Relative to progesterone, quingestrone shows improved pharmacokinetics, including higher potency, oral activity, and a longer terminal half-life and hence duration of action. This is considered to be due to its higher lipophilicity, being stored into and slowly released from fat. Quingestrone also shows slower metabolism and more stable blood levels, with a longer time to peak concentrations and a less intense peak compared to progesterone. The bioavailability of quingestrone is highest when it is given as a sesame seed oil solution (compared to an oil suspension (~2-fold less) or micronization (~7-fold less)).

The C3 enol ethers of progesterone are less suited for use via depot injection relative to progestogen esters like hydroxyprogesterone caproate due to their susceptibility to oxidative metabolism.

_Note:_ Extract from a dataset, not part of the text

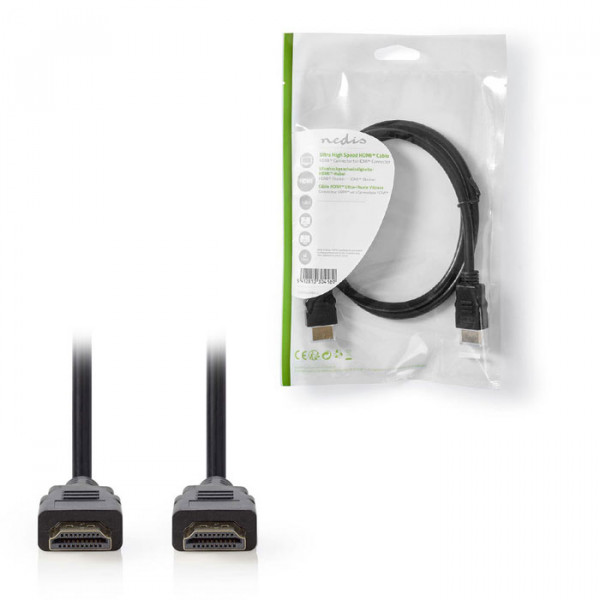 Ultra High Speed HDMI Cable, 1.00 m, Black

The pharmacokinetics of quingestrone have been reviewed.

==Chemistry==

Quingestrone, also known as progesterone 3-cyclopentyl enol ether (PCPE) or as 3-cyclopentyloxypregna-3,5-dien-20-one, is a synthetic pregnane steroid and a derivative of progesterone. It is specifically the 3-cyclopentyl enol ether of progesterone. Quingestrone is closely related to progesterone 3-acetyl enol ether and pentagestrone acetate (17α-acetoxyprogesterone 3-cyclopentyl enol ether).

===Synthesis===
Chemical syntheses of quingestrone have been published.

==History==
Quingestrone appears to have been first synthesized in 1936. It was introduced for medical use in Italy by 1962.

==Society and culture==

===Generic names===
Quingestrone is the generic name of the drug and its INN and USAN. It is also known by its developmental code name W-3399.

===Brand names===
Quingestrone was marketed under the brand name Enol-Luteovis.

===Availability===
Quingestrone is no longer marketed and hence is no longer available in any country. It was previously available in Italy.